#### SUPPLIED RECORDS:
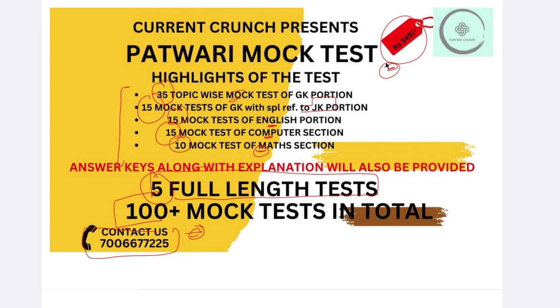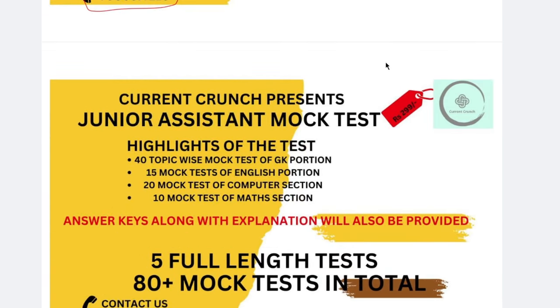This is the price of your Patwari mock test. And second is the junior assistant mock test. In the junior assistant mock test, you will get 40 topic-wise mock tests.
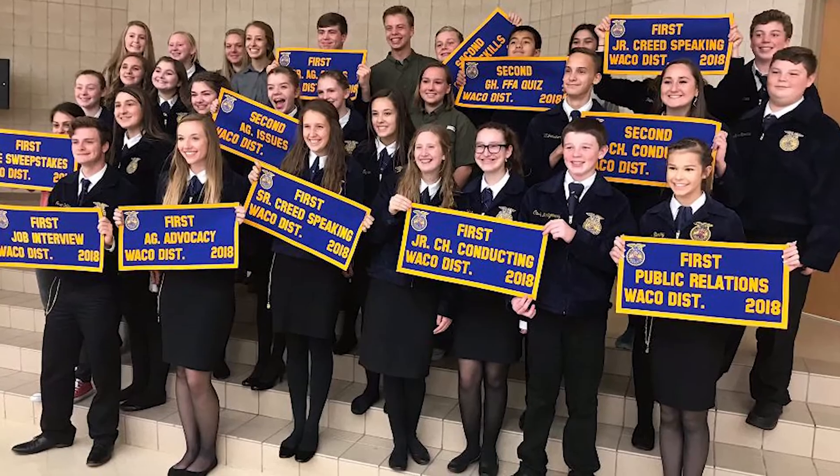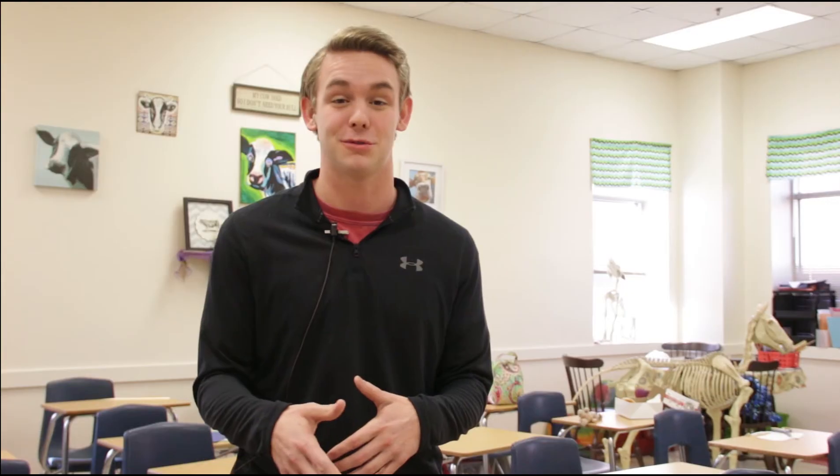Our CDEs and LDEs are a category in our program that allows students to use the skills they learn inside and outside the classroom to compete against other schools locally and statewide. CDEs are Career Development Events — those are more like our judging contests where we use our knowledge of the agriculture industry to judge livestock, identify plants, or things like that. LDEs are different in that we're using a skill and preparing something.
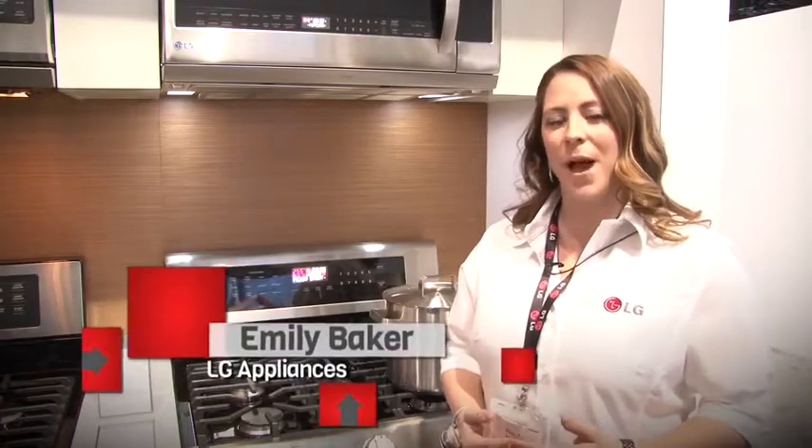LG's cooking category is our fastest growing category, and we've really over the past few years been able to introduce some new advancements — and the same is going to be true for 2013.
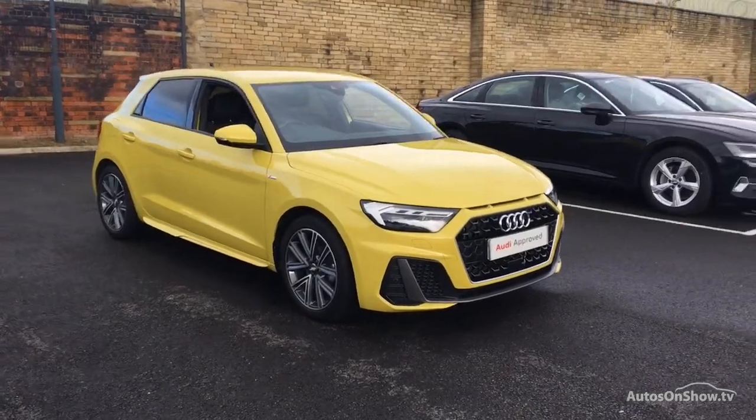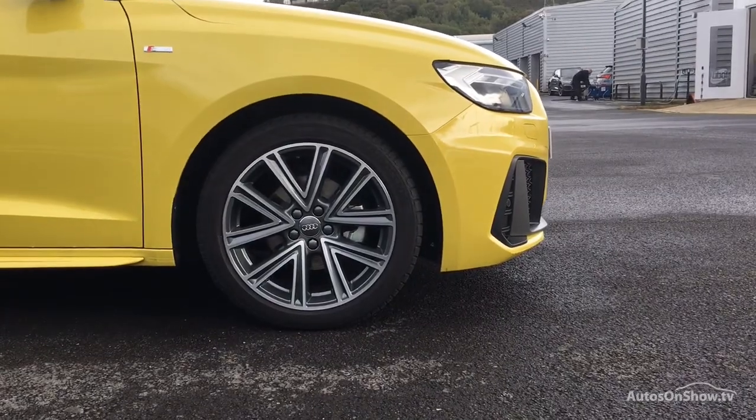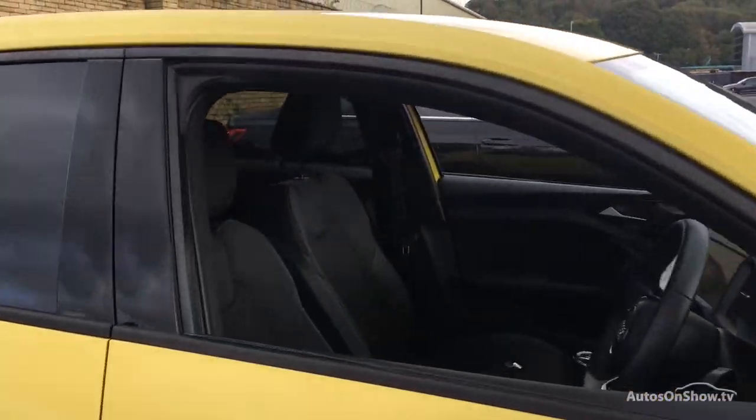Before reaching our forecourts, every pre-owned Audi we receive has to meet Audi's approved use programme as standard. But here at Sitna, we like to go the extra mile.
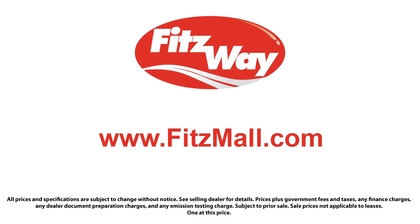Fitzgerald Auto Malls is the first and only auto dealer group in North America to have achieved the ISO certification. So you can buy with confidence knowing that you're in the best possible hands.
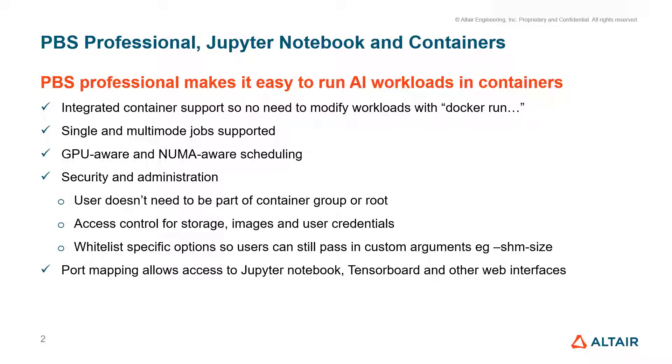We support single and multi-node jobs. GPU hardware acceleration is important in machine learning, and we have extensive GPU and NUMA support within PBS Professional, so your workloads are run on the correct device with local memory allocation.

#### YOUR TASK:
Leave out the pictures and give the rest of the records again exactly.

#### SOLUTION TO THE PROBLEM:
This is the price of your Patwari mock test. And second is the junior assistant mock test. In the junior assistant mock test, you will get 40 topic-wise mock tests.
Our CDEs and LDEs are a category in our program that allows students to use the skills they learn inside and outside the classroom to compete against other schools locally and statewide. CDEs are Career Development Events — those are more like our judging contests where we use our knowledge of the agriculture industry to judge livestock, identify plants, or things like that. LDEs are different in that we're using a skill and preparing something.
LG's cooking category is our fastest growing category, and we've really over the past few years been able to introduce some new advancements — and the same is going to be true for 2013.
Before reaching our forecourts, every pre-owned Audi we receive has to meet Audi's approved use programme as standard. But here at Sitna, we like to go the extra mile.
Fitzgerald Auto Malls is the first and only auto dealer group in North America to have achieved the ISO certification. So you can buy with confidence knowing that you're in the best possible hands.
We support single and multi-node jobs. GPU hardware acceleration is important in machine learning, and we have extensive GPU and NUMA support within PBS Professional, so your workloads are run on the correct device with local memory allocation.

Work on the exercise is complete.